In 2017, China produced 2,609 million kgs tea and its contribution to the world's total export was 20%. However, India, which produced 1,322 million kgs tea, contributed 14% in the world's total export.

But if we explore export statistics against total tea production, then we will get the complete picture.

In 1998, India produced 874 million kgs tea, of which 210 million kgs were exported. In 2017, only 252 million kgs of total 1,322 tea produce was exported. 2018 was the same. Of 1,339 million kgs of tea produce, only 256 million kgs was exported.

In 2016, annual tea produced in the country was 1,267 million kgs while in 2017, there was only an increase of 55 million kgs. However, there was no increase in demand and the price comparatively.


Vidyanand Barkakati felt that production is the vital reason behind our downfall. Even though the production has increased from 979 million kgs in 2009 to 1,339 million kgs in 2018, the average consumption per person has remained 786 grams over the years, which is very low.

In 2016, the cost of one kg tea was Rs 134.26 which reduced by Rs 1.15 in 2017. Conversely, Sri Lanka and Kenya noticed an increase of Rs 151 per kg and Rs 52 per kg, respectively.

Deputy director of the Indian Tea Board, Dr Rishikesh Rai, said the quality is the major problem behind the sector's downfall. He said, "Of all tea producers in the country, 47% are the small tea producers, which own less than 3-hectare tea gardens. There's a lack of awareness in these small producers. They sell tea leaves at low prices to local companies, who don't bother about quality. Most of our exporting countries don't entertain the use of insecticides in the tea. They have also fixed the Minimum Residue limit (the maximum amount of pesticide residue that is expected to remain on food products that will not be a concern to human health), which is not being followed in our country.

He added, "The FSSAI has also launched guidelines in a bid to improve quality. But small tea producers don't bother about these. Besides that, deficit fair price is another big problem. Plus, tea plants are too old to reuse now. It needs to be replaced. However, under a scheme, the tea board is also working on it."
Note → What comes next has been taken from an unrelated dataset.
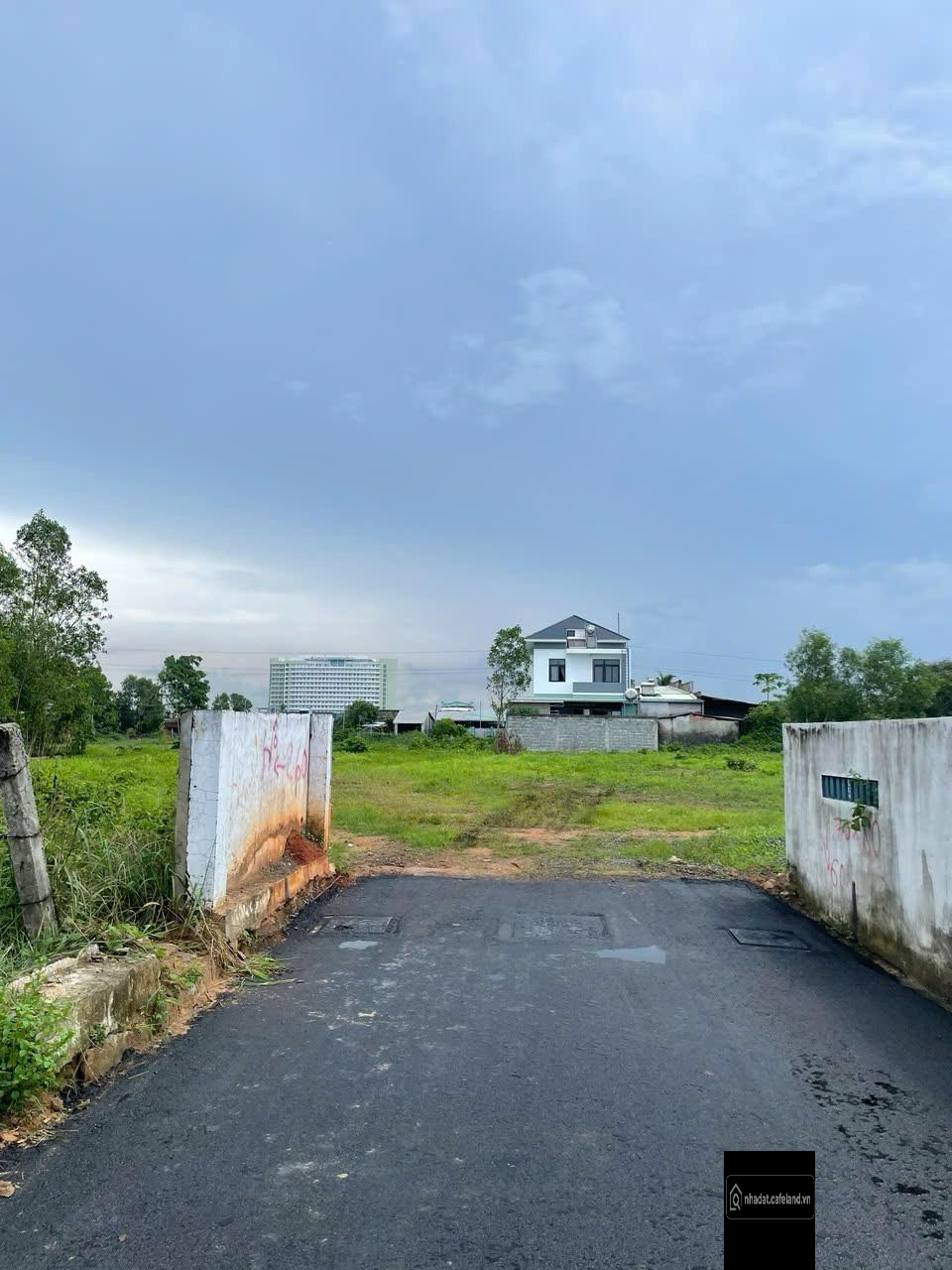 bán đất khu dân cư gần công viên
Indian tea association has issued a public appeal

The Indian tea association (ITA) has issued a public appeal seeking the government's help. The appeal noted that the government intervention for the revival of tea sector is an urgent necessity.

In an advertisement published in the newspapers, The Indian Tea Association urged the government to take over the Provident fund (PF) contributions for workers for three years. ITA also sought a ban on the expansion of tea areas, to contain oversupply for five years.

Besides that, ITA also urged the government to provide substantial fund for generic promotion of tea in the country and to fix a minimum reserve price for tea in tea auction based on the cost of production. The ITA also urged the government to provide immediate relief as jobs of the million-plus workforce is at stake.

A graph pertaining to the difference between average production and average selling price of tea from 2013-14 and 2018-19 was also attached in the appeal.